Now we are ready to construct ship trajectories out of their individual observations:
CREATE TABLE Ships(MMSI, Trip, SOG, COG) AS SELECT MMSI, tgeompointSeq(array_agg(tgeompoint(ST_Transform(Geom, 25832), T) ORDER BY T)), tfloatSeq(array_agg(tfloat(SOG, T) ORDER BY T) FILTER (WHERE SOG IS NOT NULL)), tfloatSeq(array_agg(tfloat(COG, T) ORDER BY T) FILTER (WHERE COG IS NOT NULL)) FROM AISInputFiltered GROUP BY MMSI; -- Query returned successfully: 6264 rows affected, 00:52 minutes execution time.
This query constructs, per ship, its spatiotemporal trajectory Trip
, and two temporal attributes SOG
and COG
. Trip
is a temporal geometry point, and both SOG
and COG
are temporal floats.
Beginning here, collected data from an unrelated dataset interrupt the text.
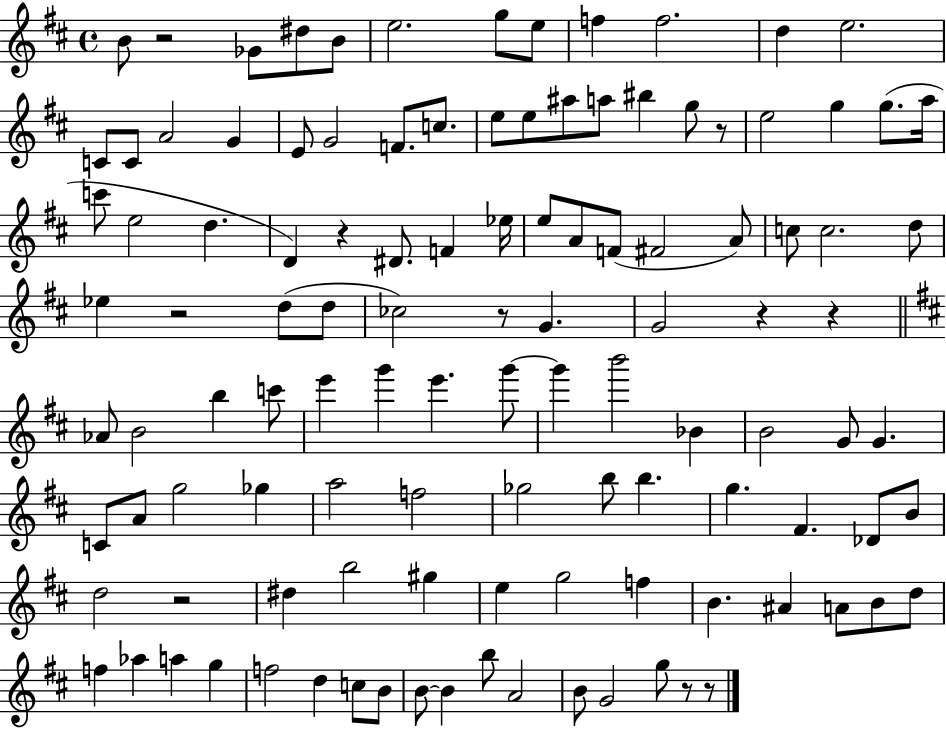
X:1
T:Untitled
M:4/4
L:1/4
K:D
B/2 z2 _G/2 ^d/2 B/2 e2 g/2 e/2 f f2 d e2 C/2 C/2 A2 G E/2 G2 F/2 c/2 e/2 e/2 ^a/2 a/2 ^b g/2 z/2 e2 g g/2 a/4 c'/2 e2 d D z ^D/2 F _e/4 e/2 A/2 F/2 ^F2 A/2 c/2 c2 d/2 _e z2 d/2 d/2 _c2 z/2 G G2 z z _A/2 B2 b c'/2 e' g' e' g'/2 g' b'2 _B B2 G/2 G C/2 A/2 g2 _g a2 f2 _g2 b/2 b g ^F _D/2 B/2 d2 z2 ^d b2 ^g e g2 f B ^A A/2 B/2 d/2 f _a a g f2 d c/2 B/2 B/2 B b/2 A2 B/2 G2 g/2 z/2 z/2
MobilityDB builds on the coordinate transformation feature of PostGIS. Here the SRID 25832 (European Terrestrial Reference System 1989) is used, because it is the one advised by Danish Maritime Authority in the download page of this dataset. Figure 1.2, “Visualizing the ship trajectories” shows the constructed trajectories in QGIS.
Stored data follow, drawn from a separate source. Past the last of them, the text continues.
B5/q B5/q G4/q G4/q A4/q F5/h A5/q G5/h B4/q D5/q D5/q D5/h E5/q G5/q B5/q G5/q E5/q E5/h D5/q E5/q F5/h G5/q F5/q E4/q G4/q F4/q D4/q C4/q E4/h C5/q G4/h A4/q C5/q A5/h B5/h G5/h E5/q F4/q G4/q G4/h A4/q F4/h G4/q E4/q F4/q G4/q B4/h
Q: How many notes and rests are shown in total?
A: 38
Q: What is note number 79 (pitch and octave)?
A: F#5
ALTER TABLE Ships ADD COLUMN Traj geometry; UPDATE Ships SET Traj = trajectory(Trip); -- Query returned successfully: 6264 rows affected, 3.8 secs execution time.
Figure 1.2, “Visualizing the ship trajectories” shows the constructed trajectories in QGIS. Notice that there are still significant errors in the data, in particular the vertical lines. These errors need to be corrected so that the analytical queries in the following sections return more accurate results. We do not cope with this issue here, since the topic of trajectory cleaning is beyond the scope of this introductory workshop.